Yeah, one thing I learned from the new Mario Puzo books is that you always negotiate based on Gross take, not Net :-D I think he’s bitter that he got screwed out of some money maybe?

It is recent (from 1998). I don’t know what Stan’s entitlements were to the properties he created, but the contract was created in connection with the reorganization of Marvel (which allowed him to work for companies other than Marvel). Apparently Marvel was pretty annoyed at the “Stan Lee presents” series he promptly did for DC, so maybe they are being petty.

Even though you can manipulate “profits” substantially, if he actually is entitled to a percentage of profits on a project basis, it’s pretty damn aggressive of Marvel to say there were no profits on a movie that made over $800 million (and unlike the X-men movie, Marvel had a sweet licensing fee arrangement on Spider-man).

Poor Stan - definitely not the greatest business guy.

The article says he’s still seeking a cut of ‘profits’ on future movies which would indicate he still doesn’t get it.

Okay, I will look dumb and ask the important question: how does a movie that made so much money not make a profit? That just seems incredible to me. Is this something all you Hollywood types already know about and you just expect the rest of us nerds to also know?

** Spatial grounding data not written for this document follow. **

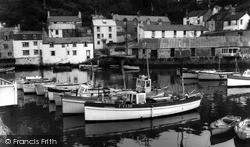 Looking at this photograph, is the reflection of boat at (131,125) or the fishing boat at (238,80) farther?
the fishing boat at (238,80)

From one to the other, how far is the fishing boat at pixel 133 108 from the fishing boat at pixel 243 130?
21.7 ft

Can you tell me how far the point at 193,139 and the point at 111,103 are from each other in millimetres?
7318

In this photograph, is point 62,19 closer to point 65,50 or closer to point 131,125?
point 65,50

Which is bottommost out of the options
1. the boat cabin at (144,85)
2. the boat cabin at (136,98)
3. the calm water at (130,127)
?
the calm water at (130,127)

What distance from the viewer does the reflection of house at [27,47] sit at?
70875mm

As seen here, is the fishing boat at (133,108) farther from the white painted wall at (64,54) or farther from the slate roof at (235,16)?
the slate roof at (235,16)

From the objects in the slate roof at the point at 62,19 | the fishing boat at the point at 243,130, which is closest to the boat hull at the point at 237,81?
the fishing boat at the point at 243,130

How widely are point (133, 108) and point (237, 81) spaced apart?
21640mm

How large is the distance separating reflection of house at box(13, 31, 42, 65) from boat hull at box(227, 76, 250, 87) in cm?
4794

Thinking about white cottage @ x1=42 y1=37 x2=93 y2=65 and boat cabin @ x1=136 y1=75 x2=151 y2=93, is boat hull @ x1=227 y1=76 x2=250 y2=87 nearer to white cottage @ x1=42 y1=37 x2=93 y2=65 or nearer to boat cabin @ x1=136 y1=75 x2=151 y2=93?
boat cabin @ x1=136 y1=75 x2=151 y2=93

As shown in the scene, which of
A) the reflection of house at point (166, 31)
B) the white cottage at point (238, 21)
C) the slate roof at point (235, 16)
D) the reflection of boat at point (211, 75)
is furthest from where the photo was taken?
the slate roof at point (235, 16)

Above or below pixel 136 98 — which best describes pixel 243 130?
below

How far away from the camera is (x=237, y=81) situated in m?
39.6

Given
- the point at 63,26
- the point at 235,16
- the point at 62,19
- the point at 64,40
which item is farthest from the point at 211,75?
the point at 62,19
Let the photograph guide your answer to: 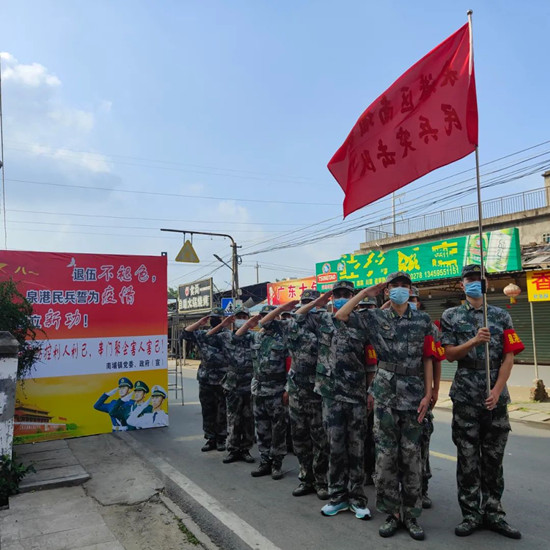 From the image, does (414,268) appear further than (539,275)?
Yes

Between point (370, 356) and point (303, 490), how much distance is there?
4.89 feet

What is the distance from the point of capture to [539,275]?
10.0 m

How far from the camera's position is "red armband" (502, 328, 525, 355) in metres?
3.59

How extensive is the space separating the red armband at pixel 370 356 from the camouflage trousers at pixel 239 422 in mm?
2326

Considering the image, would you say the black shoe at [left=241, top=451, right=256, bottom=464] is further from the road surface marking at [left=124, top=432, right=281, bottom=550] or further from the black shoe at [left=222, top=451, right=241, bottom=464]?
the road surface marking at [left=124, top=432, right=281, bottom=550]

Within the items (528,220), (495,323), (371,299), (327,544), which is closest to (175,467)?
(327,544)

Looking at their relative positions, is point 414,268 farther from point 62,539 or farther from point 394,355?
point 62,539

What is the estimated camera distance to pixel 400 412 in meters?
3.59

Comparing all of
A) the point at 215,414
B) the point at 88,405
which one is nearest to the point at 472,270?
the point at 215,414

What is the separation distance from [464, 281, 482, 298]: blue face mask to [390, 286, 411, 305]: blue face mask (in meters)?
0.49

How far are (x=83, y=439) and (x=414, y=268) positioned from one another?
9099 millimetres

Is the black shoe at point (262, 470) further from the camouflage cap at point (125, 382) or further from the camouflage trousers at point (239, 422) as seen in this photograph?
the camouflage cap at point (125, 382)

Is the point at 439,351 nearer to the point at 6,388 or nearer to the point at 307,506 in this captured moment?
the point at 307,506

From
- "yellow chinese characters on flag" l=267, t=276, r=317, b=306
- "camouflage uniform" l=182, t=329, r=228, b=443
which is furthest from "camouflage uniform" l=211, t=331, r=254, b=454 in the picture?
"yellow chinese characters on flag" l=267, t=276, r=317, b=306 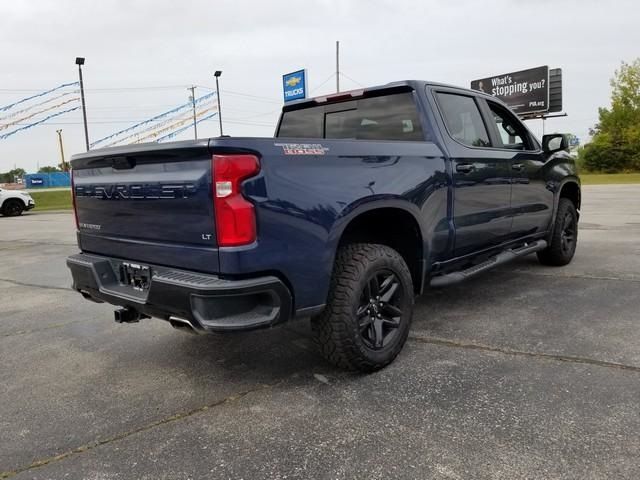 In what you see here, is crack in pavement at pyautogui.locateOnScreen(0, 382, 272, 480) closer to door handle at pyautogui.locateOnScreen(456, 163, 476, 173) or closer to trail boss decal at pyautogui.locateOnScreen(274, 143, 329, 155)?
trail boss decal at pyautogui.locateOnScreen(274, 143, 329, 155)

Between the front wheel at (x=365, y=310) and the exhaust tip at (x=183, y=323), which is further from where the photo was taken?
the front wheel at (x=365, y=310)

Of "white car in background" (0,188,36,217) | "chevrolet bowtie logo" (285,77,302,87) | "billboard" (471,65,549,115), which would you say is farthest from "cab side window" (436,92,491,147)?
"billboard" (471,65,549,115)

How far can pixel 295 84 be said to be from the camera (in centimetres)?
3281

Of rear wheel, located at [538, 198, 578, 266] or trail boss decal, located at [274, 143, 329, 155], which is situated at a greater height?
trail boss decal, located at [274, 143, 329, 155]

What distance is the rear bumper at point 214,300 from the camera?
248cm

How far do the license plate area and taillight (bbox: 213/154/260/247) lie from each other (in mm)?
687

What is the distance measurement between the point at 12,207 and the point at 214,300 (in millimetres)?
20752

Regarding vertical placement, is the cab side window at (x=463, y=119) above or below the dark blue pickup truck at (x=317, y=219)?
above

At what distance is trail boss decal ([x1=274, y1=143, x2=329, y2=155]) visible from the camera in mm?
2634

NO HOLLYWOOD MOVIE EVER MAKES A PROFIT. That’s just the way they keep their books. Very similiar to the movie industry. If people ever acknowledge profits, they have to give more money away.

I guess it is a Hollywood thing, Tim.

Studios spend a lot of money on marketing. The general figure is the cost of the movie spent over again. They can jigger* the books so that a movie’s budget combined with its marketing expenses is more than whatever the movie made. I don’t know how they work this with shareholders and taxes, but it’s standard operating procedure out here.

  • I’m pretty sure this isn’t a racial slur or even a real word, but if I’ve offended anyone of any nationality, I apologize and will enroll myself in the appropriate sensitivity training class.

Basically they add up all the actors salaries, the costs of production, and the cuts of gross the pay out. Lets say for Spiderman that was 200 mill. Then they say…hmm we have to cover another 600 mill here guys. So they throw in marketing - lets call it a cool 250 mill - no one audits this. Ok only 450 to go…Alright how much depreciation can we claim this year, how much is the CEO’s salary, whats the taxes paid on the studio lot in Hollywood where none of the film was produced etc…by the end of the accounting spin they will show Spiderman last half a billion…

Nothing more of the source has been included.